La potente delantera de guitarras (tres, en bastantes momentos) de Wilco hace pensar igualmente en californianos delirios hippies de finales de los sesenta. Un breve espejismo retro: en sexteto, Wilco no es deudor de ninguna era dorada específica. Las canciones pueden obedecer a patrones convencionales -Jeff Tweedy las defendía valientemente en acústico y en solitario hace unos años- pero son simples pistas de despegue para desarrollar arreglos intrincados, monumentos de diez minutos donde se aprecia la asimilación de elementos del pop, el ruidismo, la new wave, las máquinas, el kraut rock, la psicodelia clásica. Hay que hacer todo un ejercicio mental para calibrar la enormidad del salto: Wilco comenzó en el llamado alt.country, con guiños al santoral como la recuperación de letras inéditas de Woody Guthrie.
Una de las apuestas de Tweedy fue incorporar en 2004 a Nels Cline, un hiperactivo (Fig, BB&C, The Nels Cline Singers, etc) guitarrista de la escena del jazz vanguardista de Los Ángeles. Cline exhibe prácticamente toda su paleta sonora con Wilco: puntadas líquidas, slide, texturas mágicas, feedback, alardes de guitar hero. Tal vez sea esa última faceta la más inquietante: Nels parece celebrar el haberse convertido en un estereotipo a sueldo (esperemos que sea un buen sueldo) y uno alberga la sospecha de que está agradecido pero, vaya, termina tomándoselo a broma. El mismo habla de funcionar en el rock como un "actor del método".

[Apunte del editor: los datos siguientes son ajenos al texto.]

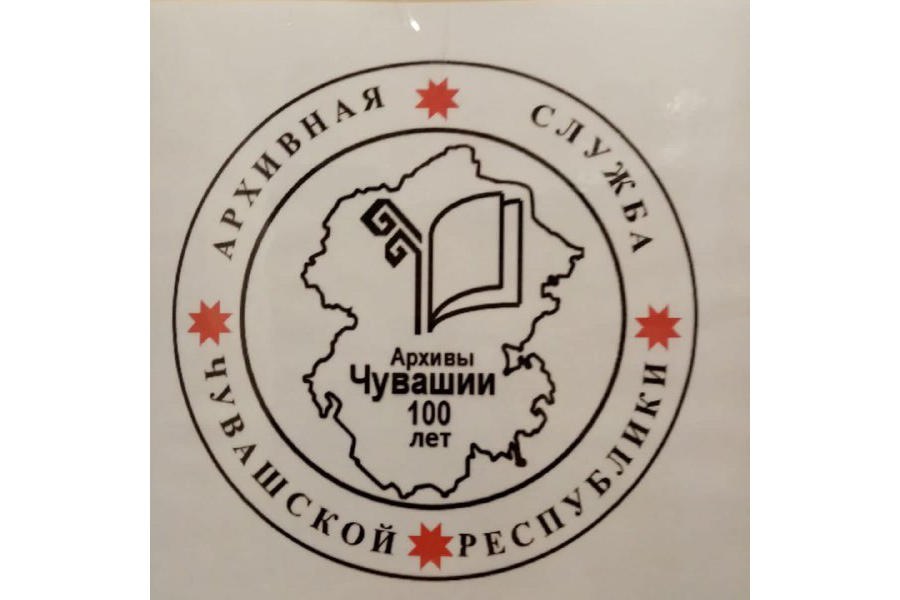 Выставка в муниципальном архиве, посвященная 100-летию архивной службы Чувашской Республики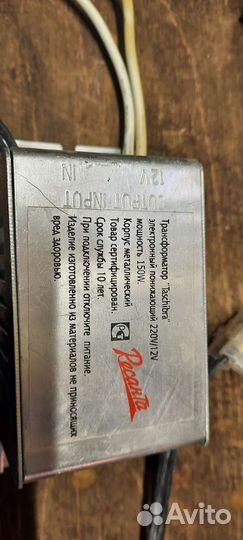 Трансформатор электронный понижающий 220в. на 12в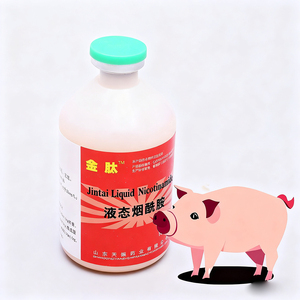 Pig <strong>Feed</strong> <strong>Additives</strong> Pig Growth Booster Pig Growth <strong>Feed</strong> Piglet <strong>Feed</strong> <strong>Supplement</strong> Pork Swine Food Growth Booster - Product Image 4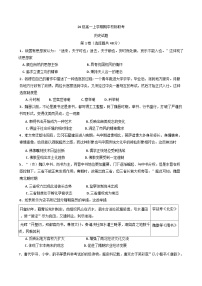 2024-2025学年度四川省眉山市仁寿县期中校际联考高一上学期11月期中历史试题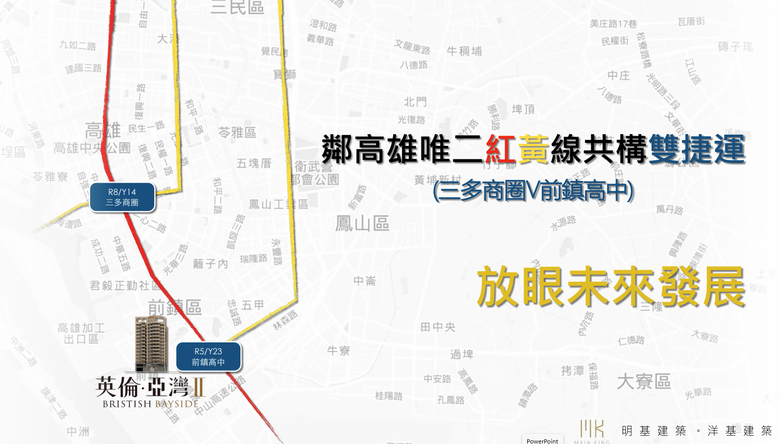 英倫亞灣2 明基建設 華麗登場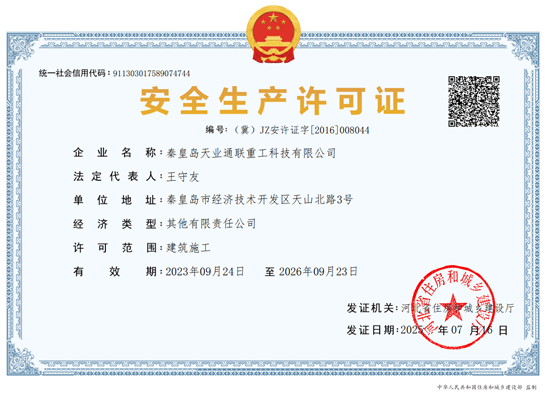 ҡǮ������(�й���)���޹�˾����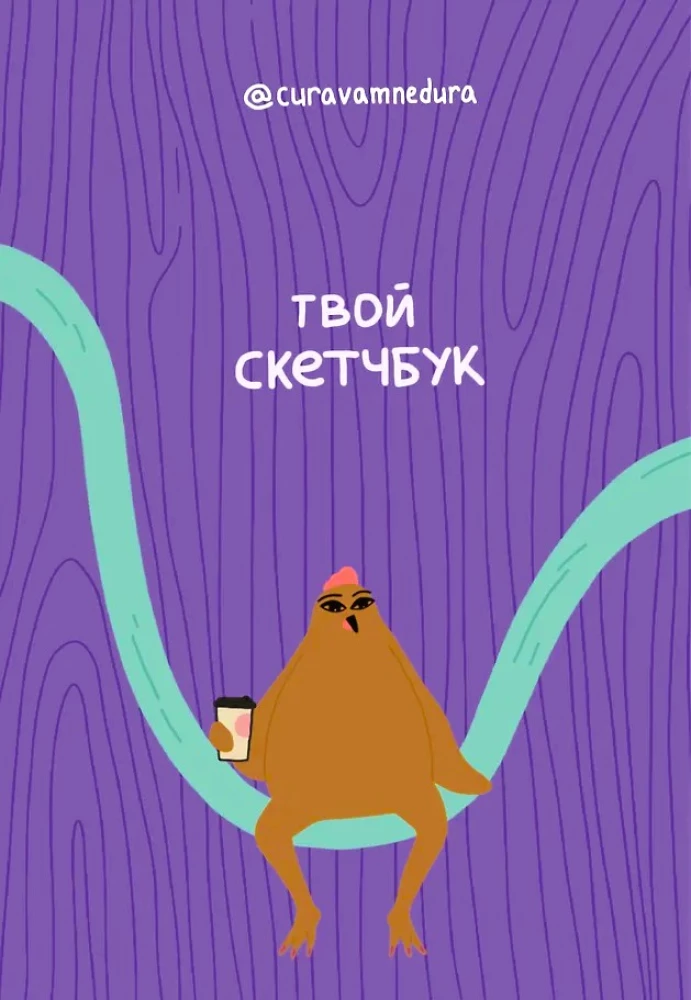 Альбом для скетчинга - Твой скетчбук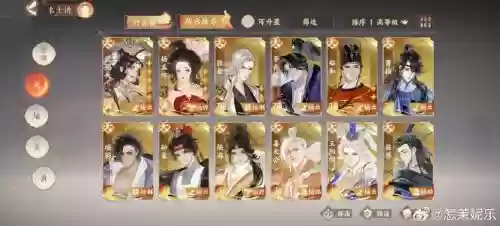 武则天搭配阵容，武则天值得培养吗插图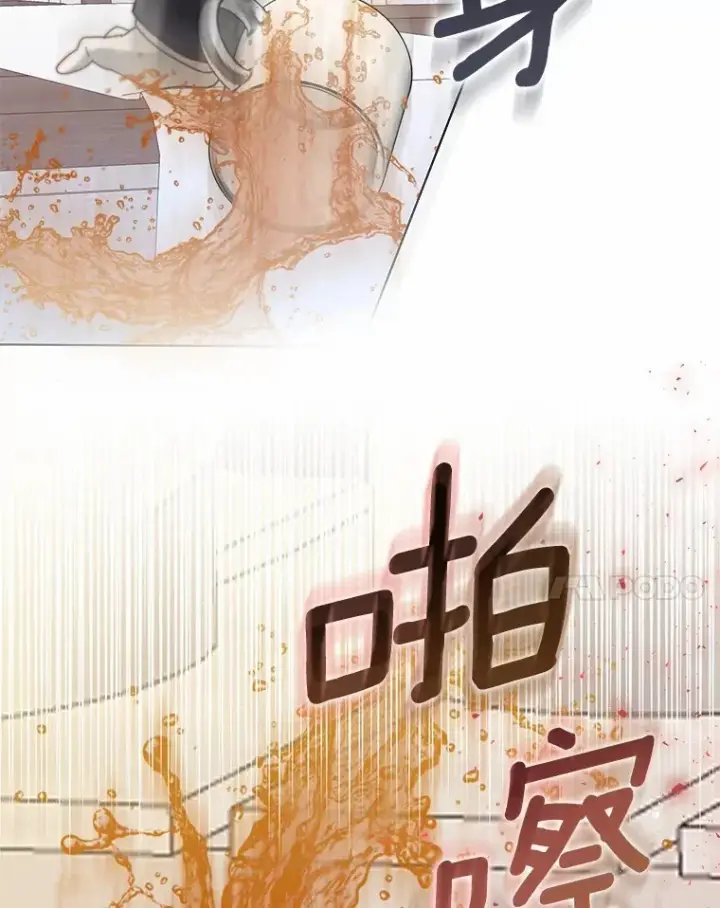 《一不小心娶了女装大佬》56.被代米昂发现图20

Wilco son habituales de los escenarios españoles y eso ya permite extraer conclusiones. El martes cayeron dos docenas de canciones que evidenciaron (1) que la musa compositora de Tweedy tiende a ser esquiva y (2) que el tema más trivial se puede transformar en impresionante con las técnicas de la repetición, la yuxtaposición de elementos discordantes o la dosificación del impacto dinámico.
Aquí reside la clave: Wilco se ha convertido en una máquina perfectamente lubricada, diseñada para complacer y apabullar. Todo está milimétricamente calculado: esos clímax instrumentales que se refuerzan con fogonazos cegadores, esos pregrabados avasalladores, esa imagen de Tweedy como gnomo atormentado que finalmente accede a hablarnos para soltar piropos al público español.
Estamos ante el gran dilema del rock triunfal: el arriesgarse a la creación de música orgánica o el conformarse con ofrecer un espectáculo seguro. Ya se sabe lo que ha elegido Wilco. Cuando hay una conjunción como la de Madrid -buen sonido, público atento, banda con ganas- imposible plantear pegas. Otro día, terminaremos ansiando un soplo del espíritu aventurero de unos Grateful Dead.